Moreover, note that rolling all 18s does not solve MAD problems – for a truly MAD class, at mid-to-high levels the impossibility of magically improving all of those ability scores at the rate a SAD class would, means that SAD is still far superior. This is particularly true in Pathfinder, as opposed to 3.5, because Paizo decided to shaft MAD classes even harder by moving all enhancement bonuses to physical ability scores into items that take the same item slot (belt), and all enhancement bonuses to mental ability scores into items that take another item slot (headband). If you need more than one physical score, or more than one mental score, you are going to be paying more than double what a SAD class would.
So this is less “what is the best class with all-18s” (the answer to that is the same as it would be with only one score in the 16-18 range), and more “what class does all-18s let me play that would otherwise suffer too much MAD?” Furthermore, this answer is going to restrict itself to discussing low-to-low-mid levels (say, up to about 9-10 at most), since the benefit of all-18s wanes as you get into higher levels.
Cleric and Druid
Just, to mention them: they’re super-powerful, they like Strength and Constitution pretty well, in addition to Wisdom, and the cleric certainly doesn’t mind Charisma. They kind of qualify, except that they can get by on just Wisdom if they have to.

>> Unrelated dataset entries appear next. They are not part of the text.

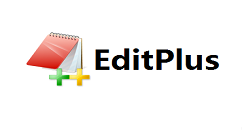 EditPlus怎样设置不生成bak文件？设置不生成bak文件流程介绍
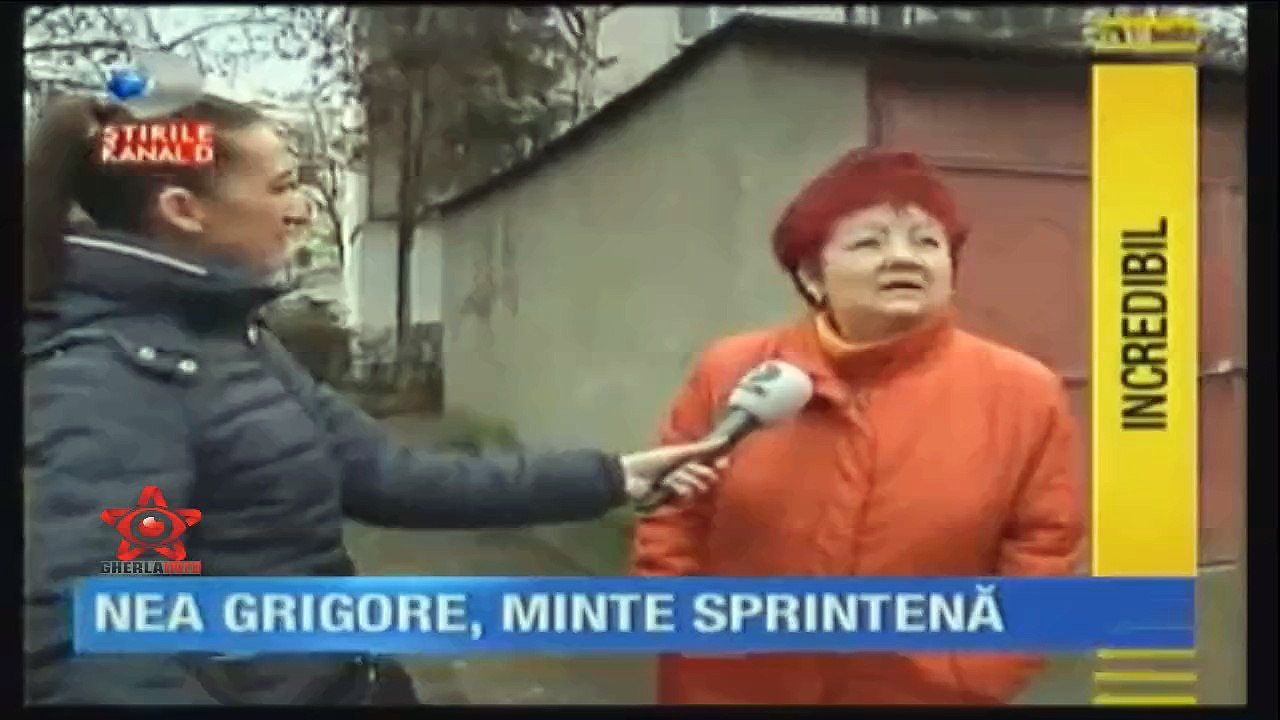 Frigider balcon Gherla Cluj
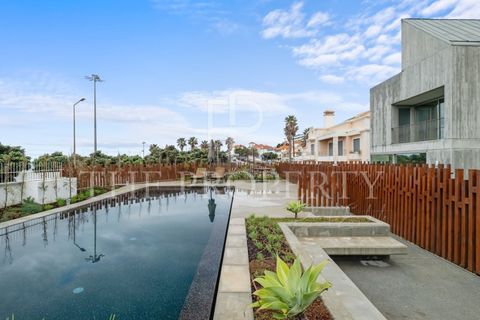Duplex i Cascais, Lisbon, Cascais - € 2.800.000 | Ref: MM_435 - foto 3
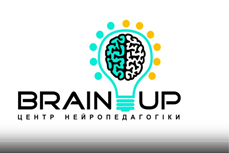 Развитие мозга ребенка. Развитие межполушарного взаимодействия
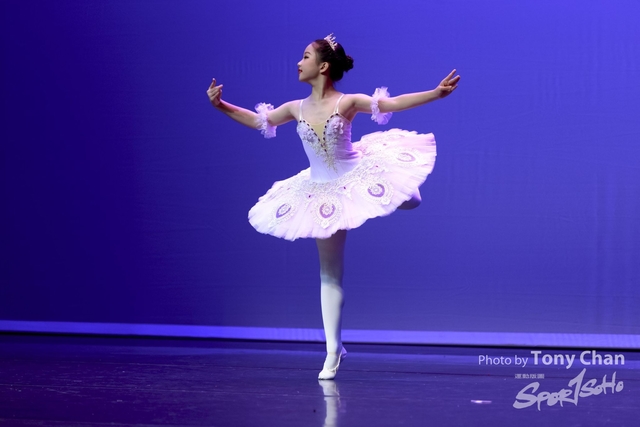 Solo Ballet_225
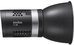 Godox ML30 LED light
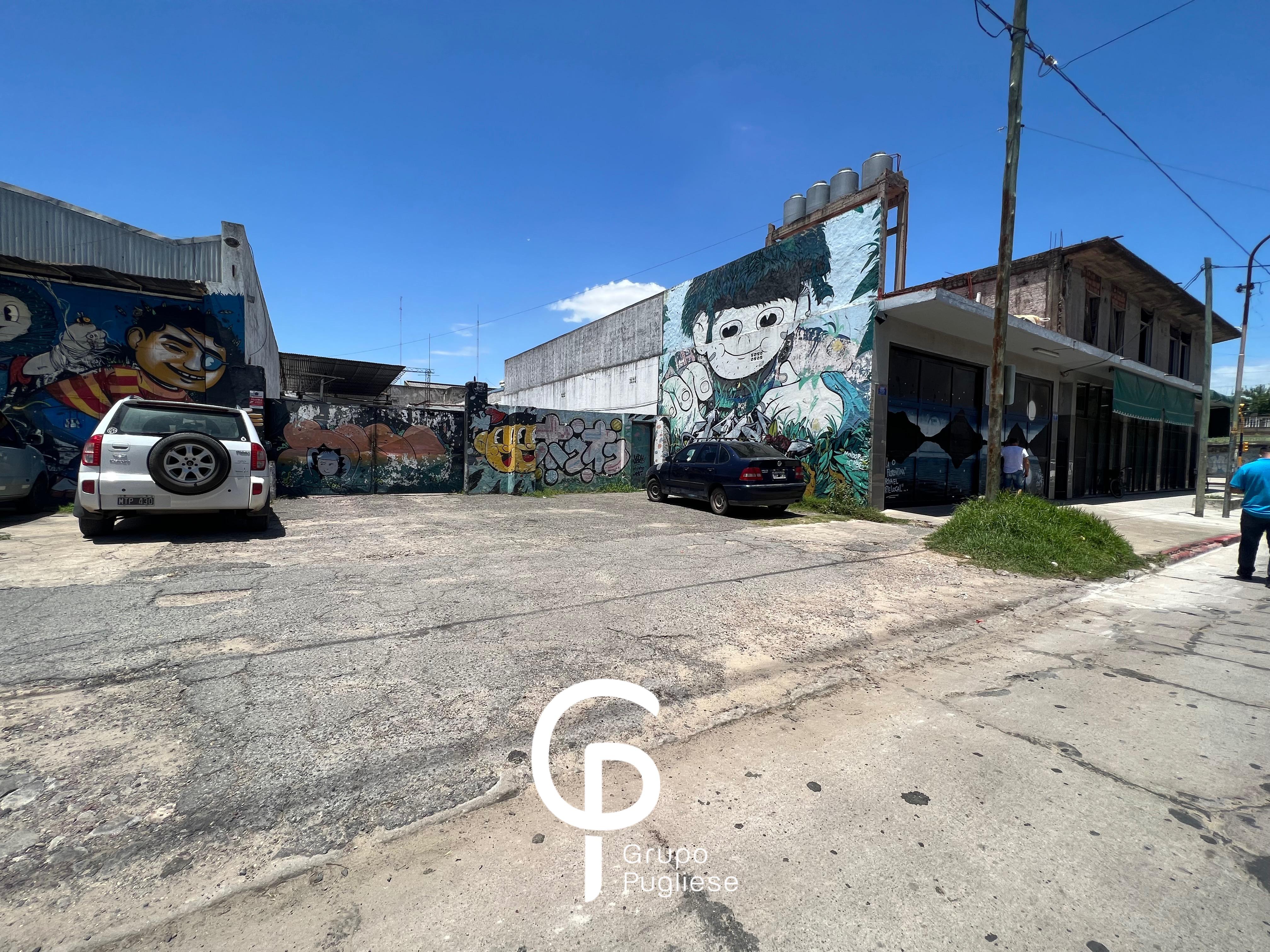 Comercio en venta · Paso del Rey, Moreno, GBA Oeste, Provincia de Buenos Aires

The monk unchained gets a lot of nice things that came from qinggong monk. I haven’t seen one in play yet, but it should be comparable for this purpose.
Monk certainly is MAD, but that’s just one of its many failings. Even with all-18s, the core monk struggles mightily.
That said, the qinggong monk is a mini-spellcaster, which still has the monk’s need for Strength, Dexterity, and Constitution. Having 18s in all of those stats definitely allows a qinggong monk to make better use of his or her physical options, while retaining spellcasting ability. Sadly, the lack of any good way to work the magus’s Spell Combat or Spellstrike abilities limits the ability to fuse the two neatly.
Which leads us nicely into the magus itself. While definitely a few steps down from a fullcaster, the magus is reasonably fun and as a physical+magical class, makes good use of Strength (or Dexterity, if Weapon Finesse), Constitution, and Intelligence. Obviously, Dexterity and Wisdom have their uses for everyone, so having a high score in those is nice. Without Perception as a class skill, Wisdom 18 just about counteracts the loss of the +3 class skill bonus, which helps avoid surprise. The high Charisma falls a bit flat, but magi have Use Magic Device in-class, so you effectively start with a +7 or +8 to that compared to a warrior who dumped Charisma and did not have it.
With caveat that I have only read the class, never played it or seen it played.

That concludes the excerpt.